あからさまな茶会
私はこの勝負時に、スマホを見て時間を潰していた。あちらでは出身中学の話、こちらでは好きなみかんの品種の話をしているようだ。みんな、友達作りを頑張ってるんだなぁ。
後ろから肩を叩かれた。同時に、紅茶の温かい芳香が、私の前にもたなびいてくる。後ろを振り向いてみると、花柄のティーカップに入った、オレンジ色の紅茶が湯気を立てていた。
「飲んでみる?」
「えーっと……結構です」
「遠慮せずー、ほらほら」
「じゃあいただきます……」
後ろの席に座る、この赤銅色の髪を垂らしている少女が淹れたのだろう。机の上には、ティーポットだったり、電気ケトルだったりが展開されていた。私はしかたなくこれを口に含んだ。
「おいしい?」
「うーん、雰囲気に踊らされてるだけかなぁ」
「そんなことはないよー。いい茶葉使ってるし。まあ、キャンディ産だから、あんまり当たり障りがないのが特徴かな。がつんとは来ないみたいな?」
熱いのでちびちび飲むしかないわけだが、自分でも驚いたことに、私はそれにすら苛立ちを覚えていた。一向に減らないし、喉が潤される感触はないし、少し手元が狂うと舌を火傷するし、紅茶を淹れた少女の目線が痛いし、内心で貧乏ゆすりをしながら、出してもらった紅茶を飲み干した。
「もう一杯いく?」
「結構です、お腹たぷたぷになっちゃう」
「そう」
少女は自分の分をカップに注いで、すぐに飲み始めた。くるくる回したり、香りを楽しんだりという工程を経なかったことには、好感が持てる。
「私は
「あぁ、はい、こちらこそ……?」
紅茶まで用意して、そこまで自分を着飾らないと、この学校では振り向いてもらえないのだろうか。
「これは完全に趣味。いま時雨ちゃんが使ったカップだって、結構するんだよ?まあ、こっちのほうがもっとするけどねー」
真朱帆は自分が口付けたカップを持ち上げてそう言った。しかし、金持ち自慢になりかねない、割と危ない橋を真朱帆は渡っている気がする。私はそれで敬遠しないけど……。
「えっと、一体どこからそんな金を顕現させてるんですか?」
「うおっ、結構えぐいことを聞くね……。お父さんが商社勤めで、海外出張も多いから、お土産として色々買ってきてくれるんだよー」
「結局、自慢には変わりないじゃない」
「いや、総合商社じゃないから許して……」
嫌なことがいっぱいあったので、見境なく毒を吐いていたら、先生が教室にやってきたので、前を向いた。

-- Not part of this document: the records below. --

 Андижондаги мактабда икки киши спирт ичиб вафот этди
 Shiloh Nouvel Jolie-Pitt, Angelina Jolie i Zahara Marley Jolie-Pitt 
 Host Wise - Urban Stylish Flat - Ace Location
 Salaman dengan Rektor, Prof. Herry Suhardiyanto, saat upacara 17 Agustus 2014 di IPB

今日はまるまるHRだったり、学年集会だったりに時間が費やされた。正直、授業と違って聞いて参加しないといけないので、こっちのほうが苦痛だった。私は前の人の髪の本数を数えたり、時計を凝視したりして、何とか乗り切っていく。元気だったら、こんなことに対しても笑い転げて、半分くらいの時間を消費できただろうが、今の私に笑う体力はない。
やっと終わったので、私は一度座ったまま背伸びをして、開けてもないリュックを手に取り、教室を後にしようとした。真朱帆がここで呼び止めてくる。
「何、昼ご飯持ってないし、私は帰るよ」
「えー、部活紹介見ていかないのー?」
「うん、興味ない。部活入る予定ないし」
「きっと後悔するよー?10年、20年後に」
「その頃には、時間を遡行できるようになっているほうに賭ける」
「そんなむちゃくちゃな……。まあ、また一杯淹れるからさ。今度は違う産地だよ」
「私に差がわかるとでも?」
まあ井の中の蛙かもしれないが、親や友人からは舌が肥えていると言われるので、違いを見極めることに自信はあるが、それを面白がられると長くなりそうなので、今回はパスさせてもらおう。

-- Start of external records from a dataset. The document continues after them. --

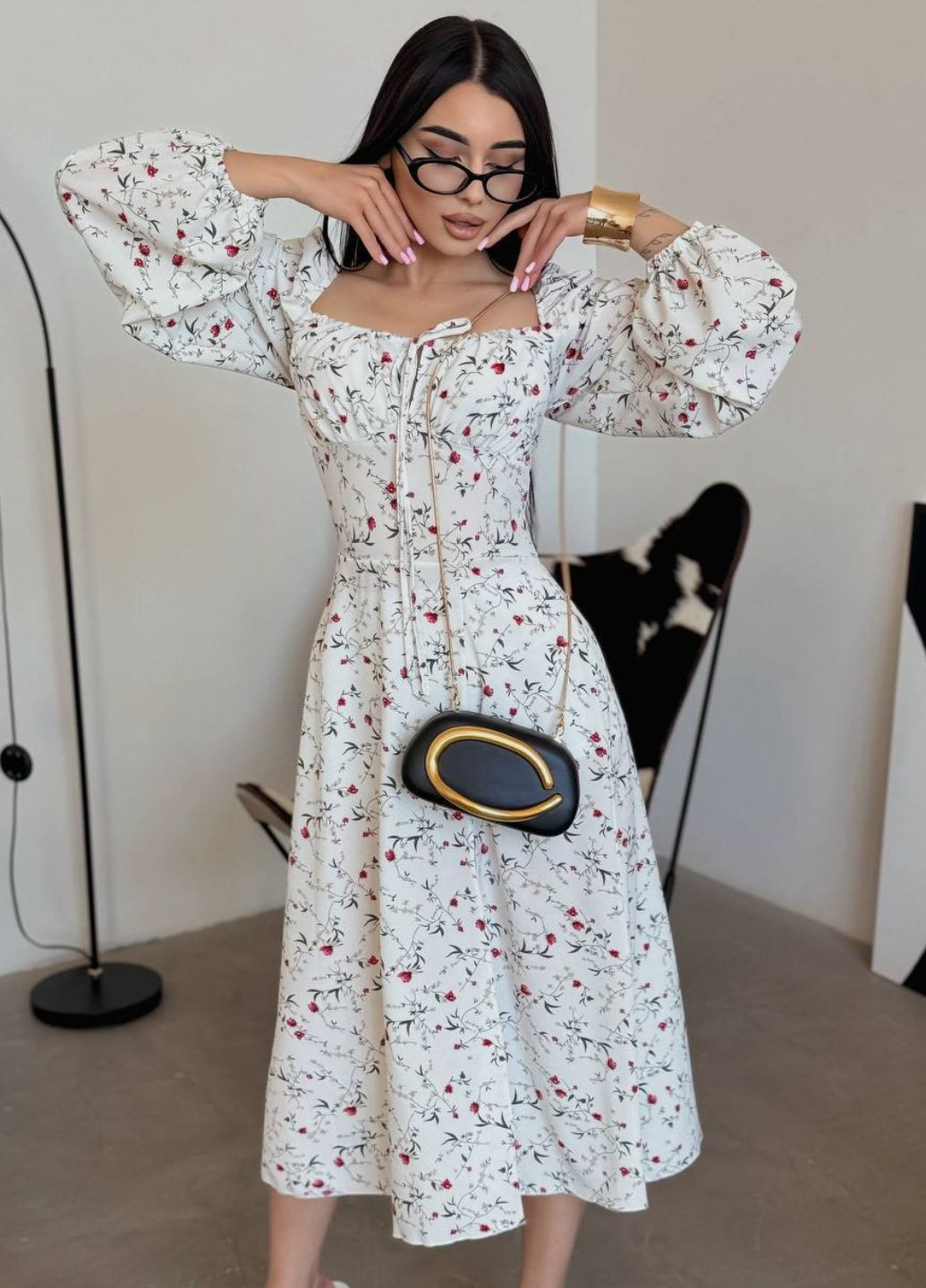 Білий повсякденний вишукана легка літня міді сукня з довгими рукавами ліхтарик та шнурівкою на спині Allthings з квітковим принтом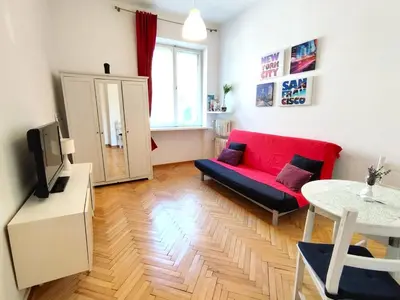Telewizja i/lub zestaw kina domowego w obiekcie Cosy studio next to the Central station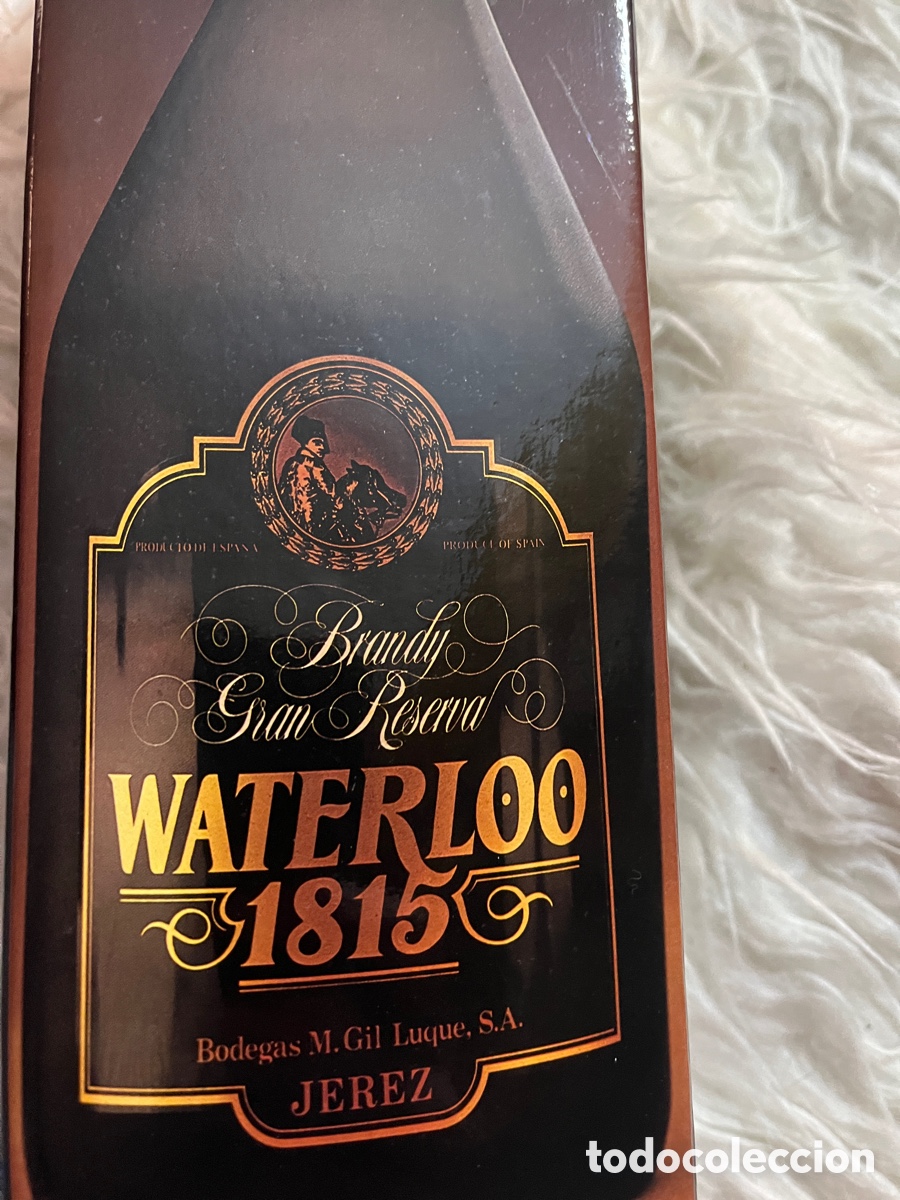 Botellas antiguas: Botella Brandy de Jerez Solera reserva Waterloo 1815 - Foto 2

「素人でも、その違いを楽しめるぐらいには違うからー。ほい、これだけ飲んで帰って?」
振り返らずに心を鬼にして、意志を乾かして、家に帰れば良かった。なにせ真朱帆は用意周到で、この会話を持ち掛けたときには既に、カップに紅茶を注いでいた。
「あの、私、実は猫舌で……」
「そうなんだー。私は猫舌の女の子が、舌先で温度を確かめてるの、結構かわいらしい仕草だなーって思うけど」
これは暗に “お前は猫舌じゃないだろ” ということを示唆しているのだろうか。朝、普通に熱々の紅茶を普通に飲んでいるのは見られているし、観念した私は、急いでいるにもかかわらず、真朱帆の紅茶を嗜むという余裕を見せつけて、自分の機嫌を取った。